He observes, refering to the period after the introduction of baronies
by writ which supported a title: " the ancient Baronies..." [ie by
tenure] "...were now become, in common language, to be a twofold;
either such as were Legally Barones and honorary and supported the
title of Baron in the ancient possessors their heirs and
successors,..." [ie the Parliamentary baronies by writ if the baron
also held a territorial honor] "...or such as were now but *abusively
called baronies* by reason of the ancient application of that word to
them (and were in truth, estimable as Knights Fees only, which were not
honorary baronies" (Selden, 715). My emphasis.

Derek Howard
g***@gmilne.demon.co.uk
2006-02-26 12:36:35 UTC
Permalink
Your statement that 'the term baron is used in the document as a
generic term applying to chief tenants' is incorrect. Clause 14 of
Magna Carta states:

'And also to have the common council of the kingdom, to assess and aid,
otherwise than in the three cases aforesaid: and for the assessing of
scutages, we will cause to be summoned the Archbishops, Bishops,
Abbots, Earls, and great Barons, individually, by our letters.- And
besides, we will cause to be summoned in general by our Sheriffs and
Bailiffs, all those who hold of us in chief, at a certain day, that is
to say at the distance of forty days, (before their meeting,) at the
least, and to a certain place; and in all the letters of summons, we
will express the cause of the summons: and the summons being thus
made, the business shall proceed on the day appointed, according to the
counsel of those who shall be present, although all who had been
summoned have not come.'

Thus there was a clear and established distinction (see below) between
the great barons (those who held in baroniam) and other tenants in
chief holding of the king 'as of his crown'. These other tenants in
chief were sometimes referred to as lesser barons but the lesser barons
never bore the title of baron.

You state that 'by the mid 14th century the estates held per baroniam
were obsolete'.This is of course precisely the point.

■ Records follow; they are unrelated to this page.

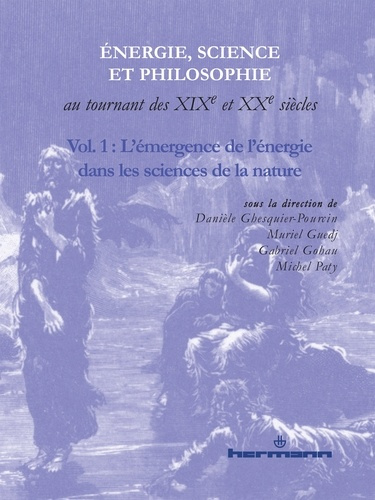 Energie, science et philosophie au tournant des XIXe et XXe siècles. Volume 1, L'émergence de l'éner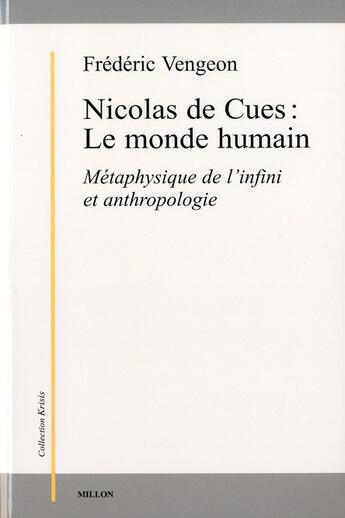 Couverture du livre « Nicolas de Cues : le monde humain ; métaphysique de l'infini et antropologie » de Frederic Vengeon aux éditions Millon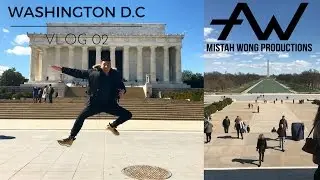 Washington D.C. Spring Break Vlog 02 | Mistah Wong Productions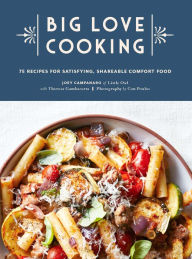 Pdf ebooks finder download Big Love Cooking: 75 Recipes for Satisfying, Shareable Comfort Food PDB DJVU by Joey Campanaro, Theresa Gambacorta, Con Poulos English version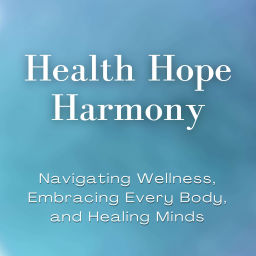 Podcast thumbnail for Health Hope Harmony: Navigating Wellness, Embracing Every Body, and Healing Minds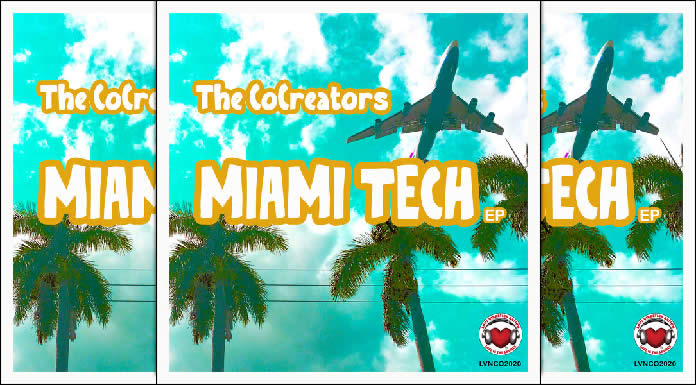 The Co-Creators Presentan Su Nueva Producción "Miami Tech Ep"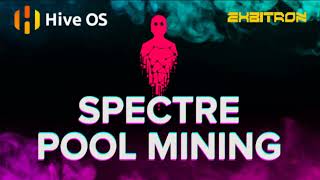 SPECTRE SPR POOL MODE ACTIVATED Easy HIVEOS Mining Tutorial  Pool  Wallet [upl. by Eilliw726]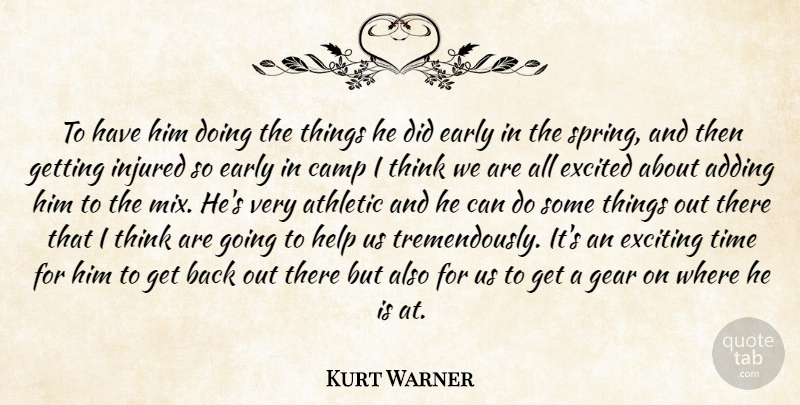 Kurt Warner Quote About Adding, Athletic, Camp, Early, Excited: To Have Him Doing The...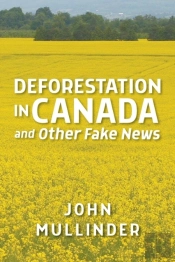 Deforestation In Canada And Other Fake News
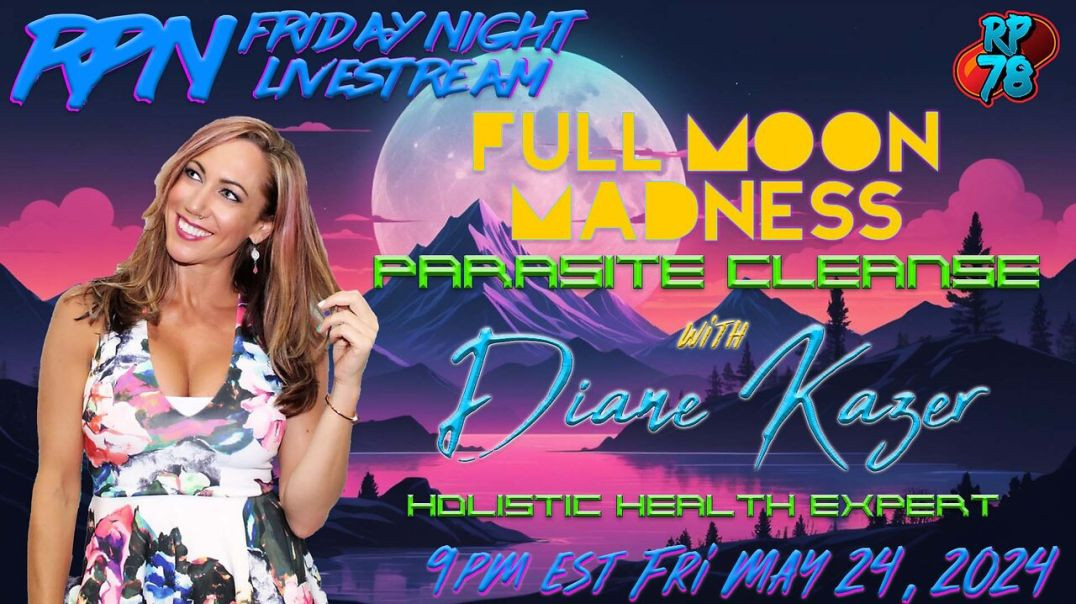 Full Moon Madness Parasite Detox with Diane Kazer on Fri Night Livestream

You may regard
them as being obsolete (they may in practical terms have actually been
obsolete) but this does not effect their legal existence. The fact is
that tenure in baroniam still existed IN LAW and continued to do so
until the 1660 Act. Furthermore, the legal rights and duties (including
military service) continued to exist in law until 1660. Those who held
in baroniam were known as barons and they bore the title (a title of
honour) of 'baron', they had a legal right and a duty to attend the
King's Court (later Parliament) as peers of the realm. These rights
were specifically preserved by section 11 of the 1660 Act.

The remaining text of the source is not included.